Prednisone and other corticosteroids are generally prescribed to stop inflammation. Immunosuppressive drugs may also be used (with or in place of steroid treatments), such as cyclophosphamide (Cytoxan®), azathioprine (Imuran®), cyclosporin A, and mycophenolate mofetil (CellCept®). Medications developed for other illnesses are also being studied as treatments for lupus nephritis, including rituximab (Rituxan®), and eculizuimab (Soliris™).
Other Lupus-Related Kidney Disorders
Not all kidney problems in people with lupus are due to lupus nephritis.
- Infections of the urinary tract, causing frequent urination or burning when urinating, are quite common.
- Fluid retention or even loss of kidney function can be a side effect of non-steroidal anti-inflammatory drugs (NSAIDs) and medications such as aspirin.
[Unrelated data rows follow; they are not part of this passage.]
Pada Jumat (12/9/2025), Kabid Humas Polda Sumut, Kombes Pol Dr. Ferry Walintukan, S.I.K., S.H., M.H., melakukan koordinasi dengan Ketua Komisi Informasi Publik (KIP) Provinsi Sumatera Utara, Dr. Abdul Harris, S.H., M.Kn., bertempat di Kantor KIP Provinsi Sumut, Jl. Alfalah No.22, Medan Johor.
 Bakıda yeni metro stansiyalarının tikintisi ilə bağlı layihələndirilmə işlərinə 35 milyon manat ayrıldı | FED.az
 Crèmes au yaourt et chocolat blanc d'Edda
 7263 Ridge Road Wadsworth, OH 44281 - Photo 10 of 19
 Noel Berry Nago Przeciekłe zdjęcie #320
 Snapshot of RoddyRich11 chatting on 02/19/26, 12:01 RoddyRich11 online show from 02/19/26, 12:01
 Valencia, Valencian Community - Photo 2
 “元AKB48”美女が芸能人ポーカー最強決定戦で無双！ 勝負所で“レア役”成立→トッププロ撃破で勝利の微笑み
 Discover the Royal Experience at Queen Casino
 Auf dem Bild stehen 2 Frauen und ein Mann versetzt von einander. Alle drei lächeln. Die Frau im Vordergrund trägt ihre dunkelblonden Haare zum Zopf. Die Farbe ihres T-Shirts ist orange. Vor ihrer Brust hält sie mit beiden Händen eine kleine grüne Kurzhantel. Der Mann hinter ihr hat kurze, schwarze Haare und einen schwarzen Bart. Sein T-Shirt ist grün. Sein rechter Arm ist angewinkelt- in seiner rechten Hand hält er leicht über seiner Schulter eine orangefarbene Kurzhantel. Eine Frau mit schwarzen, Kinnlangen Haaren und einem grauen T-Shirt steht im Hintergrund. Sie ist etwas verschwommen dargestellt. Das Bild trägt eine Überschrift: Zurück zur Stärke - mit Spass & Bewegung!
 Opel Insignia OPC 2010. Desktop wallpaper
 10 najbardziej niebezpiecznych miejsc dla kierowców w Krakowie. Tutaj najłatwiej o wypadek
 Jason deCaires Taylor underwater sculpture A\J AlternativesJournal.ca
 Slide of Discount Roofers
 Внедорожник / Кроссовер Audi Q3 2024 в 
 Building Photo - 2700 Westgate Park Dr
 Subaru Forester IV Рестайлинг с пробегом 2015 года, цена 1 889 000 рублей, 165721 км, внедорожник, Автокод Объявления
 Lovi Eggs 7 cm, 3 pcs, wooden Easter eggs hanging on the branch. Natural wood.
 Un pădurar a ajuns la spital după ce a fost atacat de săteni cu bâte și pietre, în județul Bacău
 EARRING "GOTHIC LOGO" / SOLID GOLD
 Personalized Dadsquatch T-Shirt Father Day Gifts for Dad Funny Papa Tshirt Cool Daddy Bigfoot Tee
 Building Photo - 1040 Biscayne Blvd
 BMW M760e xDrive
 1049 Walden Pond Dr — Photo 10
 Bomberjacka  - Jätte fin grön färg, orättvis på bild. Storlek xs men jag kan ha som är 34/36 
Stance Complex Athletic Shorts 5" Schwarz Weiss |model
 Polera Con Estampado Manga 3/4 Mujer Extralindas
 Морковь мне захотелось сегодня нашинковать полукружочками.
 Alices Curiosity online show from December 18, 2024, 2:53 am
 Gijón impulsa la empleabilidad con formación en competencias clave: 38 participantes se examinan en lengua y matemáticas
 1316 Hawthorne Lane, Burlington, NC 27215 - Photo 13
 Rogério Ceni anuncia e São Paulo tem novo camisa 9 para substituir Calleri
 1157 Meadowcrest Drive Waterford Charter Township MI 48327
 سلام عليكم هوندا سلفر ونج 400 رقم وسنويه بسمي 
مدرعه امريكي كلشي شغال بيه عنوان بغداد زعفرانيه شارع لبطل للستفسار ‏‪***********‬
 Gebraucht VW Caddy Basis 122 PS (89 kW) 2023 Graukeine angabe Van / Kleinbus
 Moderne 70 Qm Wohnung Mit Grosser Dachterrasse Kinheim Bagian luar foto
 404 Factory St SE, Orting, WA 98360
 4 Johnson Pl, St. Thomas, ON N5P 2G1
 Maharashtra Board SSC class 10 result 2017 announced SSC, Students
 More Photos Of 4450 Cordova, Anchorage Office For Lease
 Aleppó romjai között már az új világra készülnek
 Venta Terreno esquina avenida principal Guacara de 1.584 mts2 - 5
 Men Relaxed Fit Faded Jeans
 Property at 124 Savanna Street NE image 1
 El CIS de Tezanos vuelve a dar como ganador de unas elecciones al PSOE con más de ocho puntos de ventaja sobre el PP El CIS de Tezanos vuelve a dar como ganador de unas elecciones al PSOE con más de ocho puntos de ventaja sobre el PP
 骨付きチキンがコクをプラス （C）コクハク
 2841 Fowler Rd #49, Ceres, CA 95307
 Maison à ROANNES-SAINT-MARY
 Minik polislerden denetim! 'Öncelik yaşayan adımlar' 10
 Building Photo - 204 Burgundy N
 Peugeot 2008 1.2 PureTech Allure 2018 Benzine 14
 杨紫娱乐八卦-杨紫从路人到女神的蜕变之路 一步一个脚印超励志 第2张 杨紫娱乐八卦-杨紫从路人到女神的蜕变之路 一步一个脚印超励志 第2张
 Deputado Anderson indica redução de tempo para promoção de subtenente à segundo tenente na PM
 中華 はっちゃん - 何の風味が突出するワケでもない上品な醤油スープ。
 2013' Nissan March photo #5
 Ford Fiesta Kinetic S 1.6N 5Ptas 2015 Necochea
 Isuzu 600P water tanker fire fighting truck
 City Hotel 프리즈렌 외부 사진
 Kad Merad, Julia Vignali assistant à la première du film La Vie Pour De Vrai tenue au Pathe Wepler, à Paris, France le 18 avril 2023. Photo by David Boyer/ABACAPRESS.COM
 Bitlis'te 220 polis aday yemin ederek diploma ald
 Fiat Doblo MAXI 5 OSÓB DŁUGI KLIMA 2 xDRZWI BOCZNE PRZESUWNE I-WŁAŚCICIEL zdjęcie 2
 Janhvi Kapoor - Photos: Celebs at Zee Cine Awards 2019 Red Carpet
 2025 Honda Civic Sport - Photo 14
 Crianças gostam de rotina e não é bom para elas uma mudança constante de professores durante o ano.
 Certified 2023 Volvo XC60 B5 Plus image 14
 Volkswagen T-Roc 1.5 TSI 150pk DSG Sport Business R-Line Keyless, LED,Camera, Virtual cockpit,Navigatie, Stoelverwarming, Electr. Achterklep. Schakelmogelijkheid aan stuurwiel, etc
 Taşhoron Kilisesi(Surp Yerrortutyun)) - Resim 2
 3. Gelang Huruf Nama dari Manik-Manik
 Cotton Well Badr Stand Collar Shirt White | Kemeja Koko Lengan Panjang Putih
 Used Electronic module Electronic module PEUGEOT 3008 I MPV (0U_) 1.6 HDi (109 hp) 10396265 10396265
- Interstitial nephritis, which is inflammation of the connective tissue inside the glomerulus, can be a side effect of anti-inflammatory medications or antibiotics.
- Thrombosis and vasculitis, two blood-related lupus symptoms, can damage the kidneys and may even cause kidney failure.
- Lupus cystitis, which is inflammation of the lining of the bladder, may cause frequent urination and is associated with abdominal discomfort, including vomiting and weight loss.
- Medications used to treat lupus may cause signs or symptoms of kidney disease that can be confused with lupus nephritis.
All of these complications can be treated, so if you develop any new symptoms, contact your doctor promptly.